On Ubuntu, you can easily switch to hourly rotation by moving the script /etc/cron.daily/logrotate to /etc/cron.hourly/logrotate
Or add
*/5 * * * * /etc/cron.daily/logrotate
To your /etc/crontab file. To run it every 5 minutes.
The size option ignores the daily, weekly, monthly time options. But minsize & maxsize take it into account.
The man page is a little confusing there. Here's my explanation.
minsize rotates only when the file has reached an appropriate size and the set time period has passed. e.g. minsize 50MB + daily
If file reaches 50MB before daily time ticked over, it'll keep growing until the next day.
maxsize will rotate when the log reaches a set size or the appropriate time has passed.
e.g. maxsize 50MB + daily.
If file is 50MB and we're not at the next day yet, the log will be rotated. If the file is only 20MB and we roll over to the next day then the file will be rotated.
size will rotate when the log > size. Regardless of whether hourly/daily/weekly/monthly is specified. So if you have size 100M - it means when your log file is > 100M the log will be rotated if logrotate is run when this condition is true. Once it's rotated, the main log will be 0, and a subsequent run will do nothing.
So in the op's case. Specficially 50MB max I'd use something like the following:
/var/log/logpath/*.log {
maxsize 50M
hourly
missingok
rotate 8
compress
notifempty
nocreate
}
Which means he'd create 8hrs of logs max.
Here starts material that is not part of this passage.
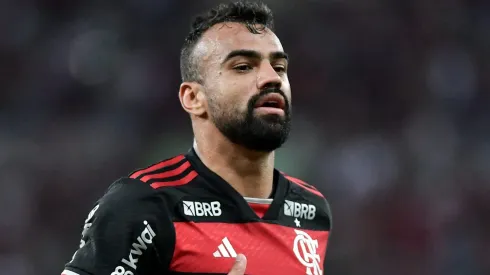 Ex-zagueiro do Barcelona é oferecido ao Flamengo para a vaga de Fabrício Bruno.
And there would be 8 of them at no more than 50MB each. Since he's saying that he's getting multi gigabytes each day and assuming they build up at a fairly constant rate, and maxsize is used he'll end up with around close to the max reached for each file. So they will be likely close to 50MB each. Given the volume they build, he would need to ensure that logrotate is run often enough to meet the target size.
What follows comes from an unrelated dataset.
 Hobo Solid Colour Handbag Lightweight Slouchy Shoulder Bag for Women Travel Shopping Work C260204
Since I've put hourly there, we'd need logrotate to be run a minimum of every hour. But since they build up to say 2 gigabytes per day and we want 50MB... assuming a constant rate that's 83MB per hour. So you can imagine if we run logrotate every hour, despite setting maxsize to 50 we'll end up with 83MB log's in that case. So in this instance set the running to every 20 minutes or less should be sufficient.
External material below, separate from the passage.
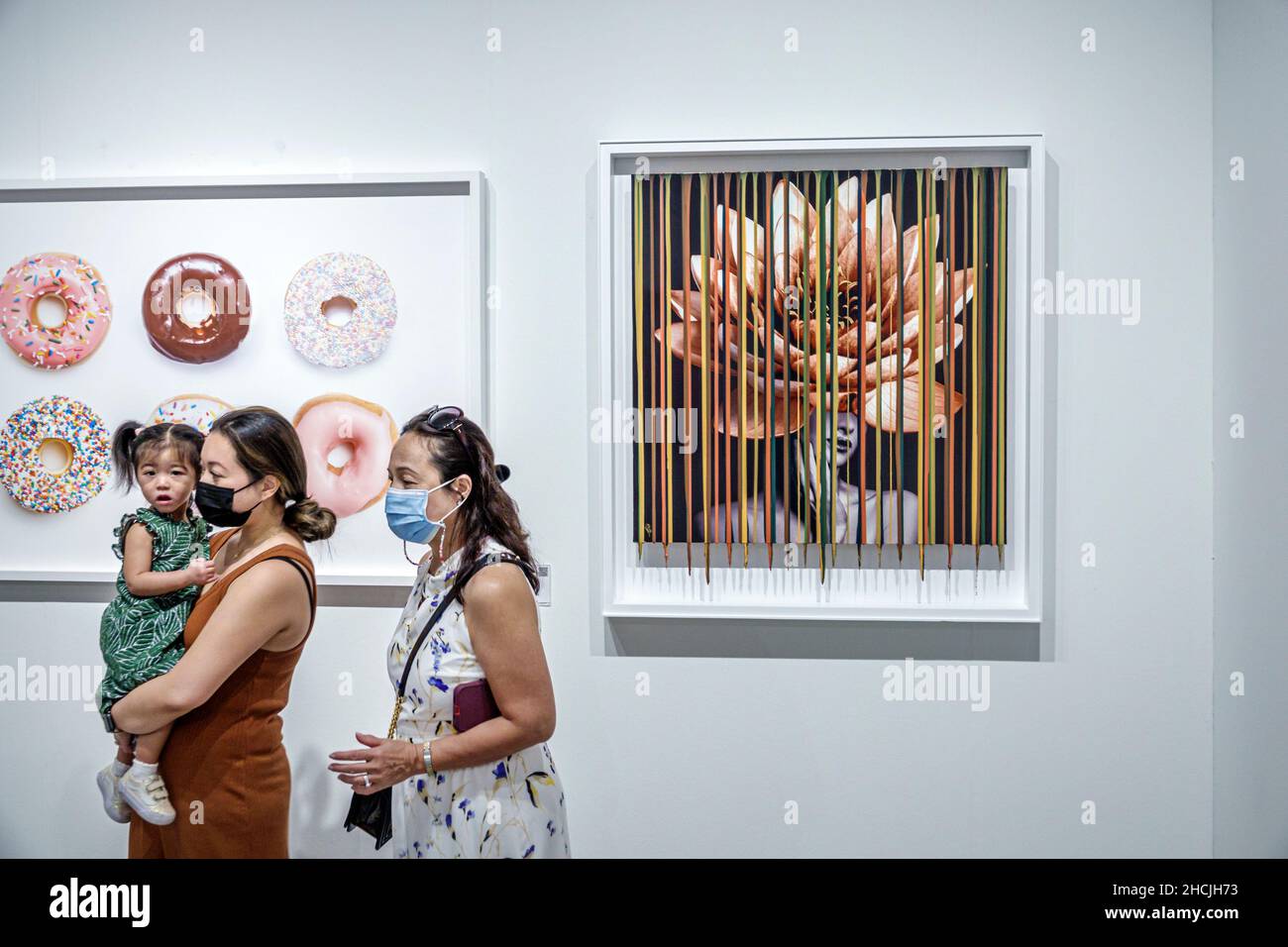 Miami Florida Art Basel Week KONTEXT Art Miami Show Shows inside interior gallerien Galerie Aussteller Aussteller Ausstellung zeitgenössische asiatische kunst fe Stockfoto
Ensure logrotate is run every 20 mins.
In this case, in 20mins the log file might be < 50MB, but in 40min, over 50MB in which case it will rotate. If we rotate every 30mins, in 30mins it's < 50MB (no rotation), in 1hr it may have built to > 80MB already in which case the file will be rotated but much bigger than we were expecting. So make sure you take rotation time into account.
*/20 * * * * /etc/cron.daily/logrotate

It specifies the size of the log file to trigger rotation. For example size 50M will trigger a log rotation once the file is 50MB or greater in size. You can use the suffix M for megabytes, k for kilobytes, and G for gigabytes. If no suffix is used, it will take it to mean bytes. You can check the example at the end. There are three directives available size, maxsize, and minsize. According to manpage:
minsize size
Log files are rotated when they grow bigger than size bytes,
but not before the additionally specified time interval (daily,
weekly, monthly, or yearly). The related size option is simi-
lar except that it is mutually exclusive with the time interval
options, and it causes log files to be rotated without regard
for the last rotation time. When minsize is used, both the
size and timestamp of a log file are considered.
size size
Log files are rotated only if they grow bigger then size bytes.
If size is followed by k, the size is assumed to be in kilo-
bytes. If the M is used, the size is in megabytes, and if G is
used, the size is in gigabytes. So size 100, size 100k, size
100M and size 100G are all valid.
maxsize size
Log files are rotated when they grow bigger than size bytes even before
the additionally specified time interval (daily, weekly, monthly,
or yearly). The related size option is similar except that it
is mutually exclusive with the time interval options, and it causes
log files to be rotated without regard for the last rotation time.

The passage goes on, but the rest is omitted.